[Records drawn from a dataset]
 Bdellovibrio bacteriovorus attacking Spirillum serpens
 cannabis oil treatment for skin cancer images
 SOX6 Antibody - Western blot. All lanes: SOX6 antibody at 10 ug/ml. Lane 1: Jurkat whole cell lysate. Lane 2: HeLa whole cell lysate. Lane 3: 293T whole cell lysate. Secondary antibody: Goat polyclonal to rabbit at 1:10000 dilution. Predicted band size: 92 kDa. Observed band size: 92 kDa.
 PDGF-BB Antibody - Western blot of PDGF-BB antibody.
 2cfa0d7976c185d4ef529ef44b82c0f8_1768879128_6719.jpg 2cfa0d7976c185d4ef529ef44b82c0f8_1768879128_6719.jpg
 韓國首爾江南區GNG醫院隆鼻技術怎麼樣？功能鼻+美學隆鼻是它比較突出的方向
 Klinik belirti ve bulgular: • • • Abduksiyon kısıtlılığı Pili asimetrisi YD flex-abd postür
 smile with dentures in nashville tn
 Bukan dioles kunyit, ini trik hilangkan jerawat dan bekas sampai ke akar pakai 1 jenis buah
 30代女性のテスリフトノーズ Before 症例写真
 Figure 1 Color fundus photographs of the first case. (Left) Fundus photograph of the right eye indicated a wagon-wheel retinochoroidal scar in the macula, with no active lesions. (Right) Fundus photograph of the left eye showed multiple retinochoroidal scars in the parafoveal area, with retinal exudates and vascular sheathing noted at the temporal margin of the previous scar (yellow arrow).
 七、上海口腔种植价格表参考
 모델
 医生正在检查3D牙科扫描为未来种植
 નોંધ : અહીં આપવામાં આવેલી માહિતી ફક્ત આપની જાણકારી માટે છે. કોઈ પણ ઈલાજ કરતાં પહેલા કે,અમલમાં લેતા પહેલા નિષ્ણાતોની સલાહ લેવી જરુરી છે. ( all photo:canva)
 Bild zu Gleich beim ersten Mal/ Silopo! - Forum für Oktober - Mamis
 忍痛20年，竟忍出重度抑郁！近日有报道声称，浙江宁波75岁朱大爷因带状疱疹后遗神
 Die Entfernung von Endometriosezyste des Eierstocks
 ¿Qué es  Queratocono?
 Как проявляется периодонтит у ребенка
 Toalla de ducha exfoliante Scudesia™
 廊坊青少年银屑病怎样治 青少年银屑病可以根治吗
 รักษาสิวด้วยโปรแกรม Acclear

What needs to be done
Return all of the entries exactly as they were supplied.

Exercise output
 Bdellovibrio bacteriovorus attacking Spirillum serpens
 cannabis oil treatment for skin cancer images
 SOX6 Antibody - Western blot. All lanes: SOX6 antibody at 10 ug/ml. Lane 1: Jurkat whole cell lysate. Lane 2: HeLa whole cell lysate. Lane 3: 293T whole cell lysate. Secondary antibody: Goat polyclonal to rabbit at 1:10000 dilution. Predicted band size: 92 kDa. Observed band size: 92 kDa.
 PDGF-BB Antibody - Western blot of PDGF-BB antibody.
 2cfa0d7976c185d4ef529ef44b82c0f8_1768879128_6719.jpg 2cfa0d7976c185d4ef529ef44b82c0f8_1768879128_6719.jpg
 韓國首爾江南區GNG醫院隆鼻技術怎麼樣？功能鼻+美學隆鼻是它比較突出的方向
 Klinik belirti ve bulgular: • • • Abduksiyon kısıtlılığı Pili asimetrisi YD flex-abd postür
 smile with dentures in nashville tn
 Bukan dioles kunyit, ini trik hilangkan jerawat dan bekas sampai ke akar pakai 1 jenis buah
 30代女性のテスリフトノーズ Before 症例写真
 Figure 1 Color fundus photographs of the first case. (Left) Fundus photograph of the right eye indicated a wagon-wheel retinochoroidal scar in the macula, with no active lesions. (Right) Fundus photograph of the left eye showed multiple retinochoroidal scars in the parafoveal area, with retinal exudates and vascular sheathing noted at the temporal margin of the previous scar (yellow arrow).
 七、上海口腔种植价格表参考
 모델
 医生正在检查3D牙科扫描为未来种植
 નોંધ : અહીં આપવામાં આવેલી માહિતી ફક્ત આપની જાણકારી માટે છે. કોઈ પણ ઈલાજ કરતાં પહેલા કે,અમલમાં લેતા પહેલા નિષ્ણાતોની સલાહ લેવી જરુરી છે. ( all photo:canva)
 Bild zu Gleich beim ersten Mal/ Silopo! - Forum für Oktober - Mamis
 忍痛20年，竟忍出重度抑郁！近日有报道声称，浙江宁波75岁朱大爷因带状疱疹后遗神
 Die Entfernung von Endometriosezyste des Eierstocks
 ¿Qué es  Queratocono?
 Как проявляется периодонтит у ребенка
 Toalla de ducha exfoliante Scudesia™
 廊坊青少年银屑病怎样治 青少年银屑病可以根治吗
 รักษาสิวด้วยโปรแกรม Acclear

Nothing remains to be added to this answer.